Alljährlich verbringen die drei Mädchen ihre großen Ferien bei Isak auf der schwedischen Insel Hammersö. Auch in jenem Sommer, der für die älteste, Erika, das Ende der Kindheit bedeutet, ist alles wie in jedem Jahr. Sie streunen durch die Wälder, sie spielen Theater, buhlen um die Gunst der schönen Marion, der Anführerin der Mädchenclique, aber auch wie immer um die Liebe des Vaters. Und sie kreisen um Ragnar, den Außenseiter, der von allen verachtet und doch insgeheim bewundert wird, bis zu jenem tragischen Ereignis, das mit einem Schlag dem paradiesischen Frieden ein Ende setzt.

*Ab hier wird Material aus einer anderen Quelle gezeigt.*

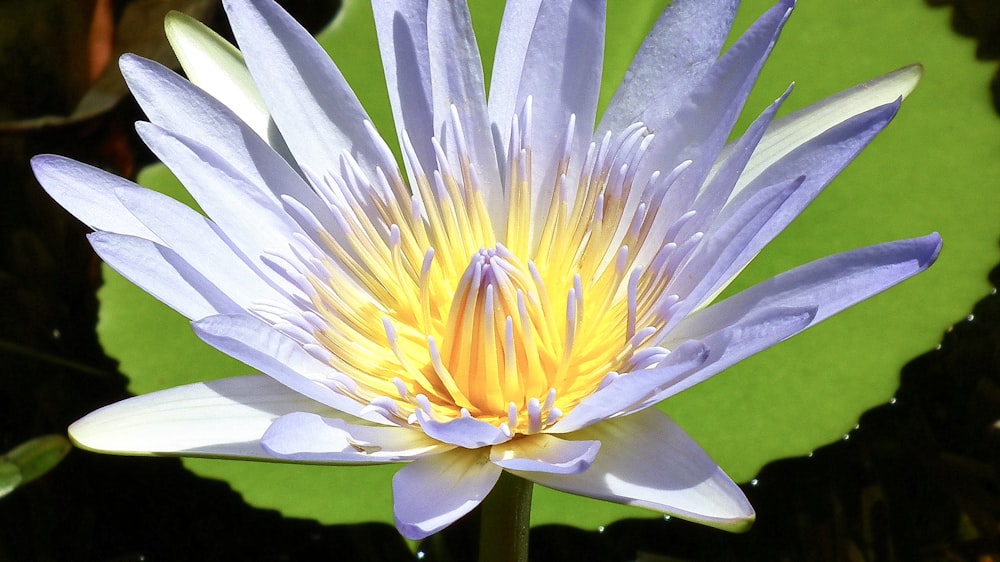 a blue and yellow water lily in a pond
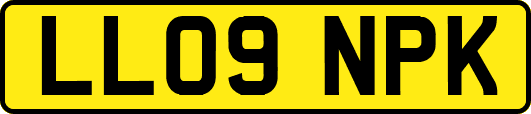 LL09NPK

25 Jahre später kehren die drei Schwestern auf die Insel, die sie nie mehr betreten haben, zurück. Ihre winterliche Reise dorthin wird zu einer Reise durch die Vergangenheit, sie wird zu einer Begegnung mit der all die Jahre hindurch verdrängten Schuld, und sie eröffnet die Chance für einen neuen Blick auf ihr künftiges Leben.

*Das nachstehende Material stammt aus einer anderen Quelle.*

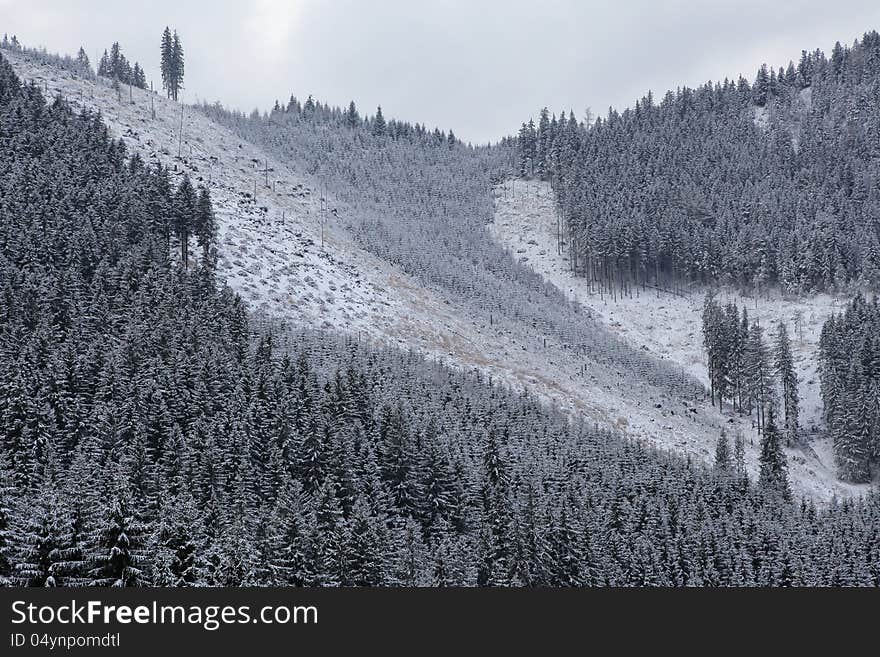 Forest in Low Tatras mountains, Slovakia. Forest in Low Tatras mountains, Slovakia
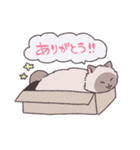 ふわツヤねこ（個別スタンプ：12）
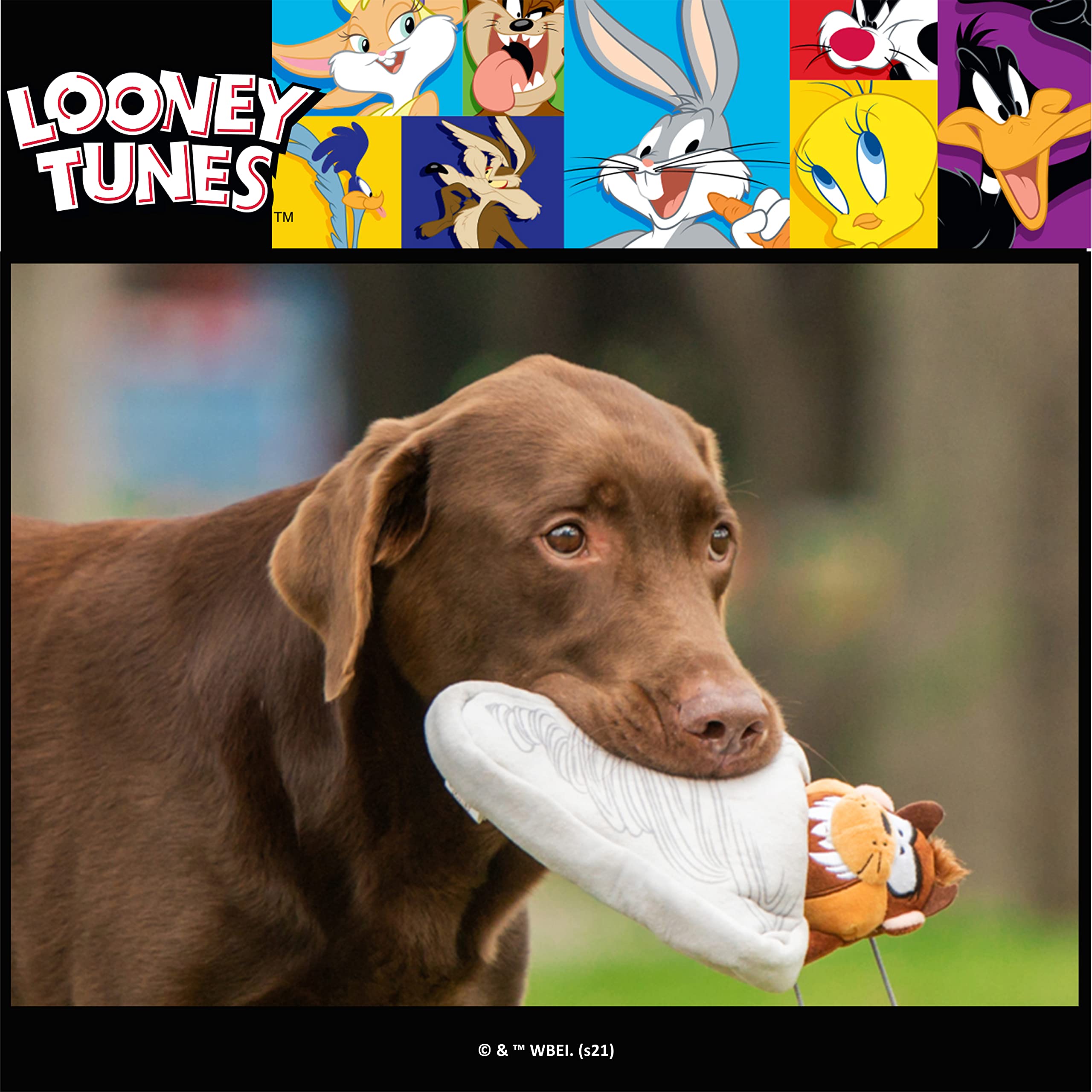 Looney Tunes Taz the Tasmanian Devil Plush Dog Toy - Interactive Hide & Seek Fabric Toy for Small, Medium & Large Dogs | Soft Brown, Tan & Grey Chew Toy for Playtime & Training | Perfect for Indoor & Outdoor Fun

Linn Ullmann erzählt diese Geschichte um Familiengeheimnisse in immer neuen Anläufen und wechselnden Perspektiven. Höchst anschaulich und dramaturgisch geschickt verflicht sie Episoden aus der Gegenwart mit solchen aus jenem vermeintlich idyllischen Sommer. Dabei gelingen ihr Szenen von großer Eindringlichkeit, wenn sie immer wieder aus der kindlichen Warte das unentzifferbare Leben der Erwachsenen schildert, wenn sie frühes Leid als unauslöschbare Kränkung enthüllt.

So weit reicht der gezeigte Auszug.